The Supreme Court of Ohio recently addressed an important issue involving parents' lossof- filial-consortium claims. For years plaintiff parents have had to pursue such derivative claims well before their child's personal injury claim accrued at age eighteen, and defendants faced the prospect of litigating the same case twice. The Supreme Court finally ended this situation by holding that "a parent's claim for loss of consortium against a third party for injuries to the parent's minor child is an interest that is 'joint and inseparable' from the child's own claim[…, so] the parent's claim may be tolled during the child's disability." Fehrenbach v. O'Malley, 113 Ohio St.3d 18, 22, 2007-Ohio-971, ¶22.

The Fehrenbach case involved a common factual scenario: parents filed medical malpractice claims against a physician based upon injuries flowing from their daughter's bacterial meningitis. They brought the suit, both individually and on behalf of their minor daughter, more than five years after the alleged malpractice occurred. Pursuant to R.C. 2305.113(A), medical malpractice actions must usually be filed within one year after the cause of action accrues. While a minor's claims are tolled until age eighteen under R.C. 2305.16, that statute does not expressly toll the parents' derivative claim for loss of filial consortium during the child's minority. The trial court dismissed the parents' claim as not timely filed. On appeal, the Fehrenbachs argued that, because their claim arose from the same occurrence and was joint and inseparable from the claims of their daughter, it should also be tolled by R.C. 2305.16. Defendants countered that, as a separate and distinct claim, the parents' consortium claim was time-barred.

The Supreme Court held that the statute of limitations for the parents' claim was tolled during their child's minority. The Court 's analysis focused on the derivative nature of the parents' claim. As a threshold matter, the Court acknowledged that consortium claims are distinct and separate legal claims from that of an injured family member. Nonetheless, such claims are derivative of, and flow from, the exact same occurrence that produced the personal injury suffered by that family member. Thus, while the consortium claim is "separate," it does not exist without the underlying tort claim. Though separate, the two legal claims for relief are factually intertwined.

The Court also emphasized the principles embodied in Rule 19.1 of the Ohio Rules of Civil Procedure to support litigating the underlying personal injury claim and the consortium claim together. The joinder provisions of that Rule are premised on notions of creating judicial economy and minimizing of the risk of inconsistent judgments. Specifically, CIV. R. 19.1(A)(3) mandates joinder where there is "personal injury . . . to a minor and a claim of the parent . . . for loss of consortium . . . if caused by the same wrongful act." Thus, parents must join their consortium claims with the personal injury claims of a minor child. But if the child chooses not to file suit immediately, the parents are forced to litigate their consortium claims separately or else lose them due to a short statute of limitations.

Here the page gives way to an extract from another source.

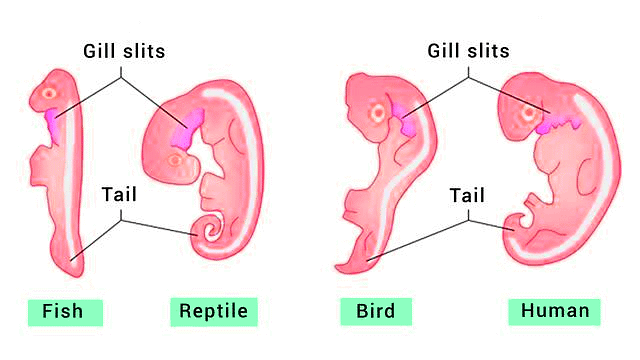Important Diagrams: Evolution | Biology Class 12 - NEET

In Fehrenbach, the parents' claims were dismissed because they had not been filed within a year -- which may seem like a good result for defendants. More commonly, however, parents would assert their own claims within the limitations period but would not join the injured minor as a party. Plaintiffs employed this tactic as leverage on defendants to force settlement -- often, before the injuries of the minor were fully manifested or developed. This forced defendants to seek joinder under CIV. R. 19.1(A)(3), arguing that the claims needed to be litigated together to avoid inconsistent judgments and promote judicial economy.

The risk of multiple, inconsistent judgments in this situation is not insignificant. Potentially, the underlying case could be tried twice and reach different results. First, because their consortium claim is derivative in nature, parents cannot recover unless they can prove the underlying personal injury claim of their minor child. Second, the child's own claim is tried later, perhaps many years later. Unless legal doctrines like collateral estoppel and issue preclusion are effectively applied, the defendants could win the first case but, years down the road, lose on the child's claim in front of a different jury.

Fehrenbach eliminates this difficult situation once and for all. The parents' consortium claim is tolled along with the minor's personal injury claim. If the child sues before reaching the age of majority, defendants may join the parents' claim under CIV. R. 19.1(A)(3). The claims of the parents and their child are now tethered together in a single lawsuit based on the same underlying facts. When those claims are tried remains under the exclusive control of plaintiffs. The clock does not begin to run until the child reaches the age of majority, and both claims would normally be filed together or, if not, will be joined upon the defendant's request.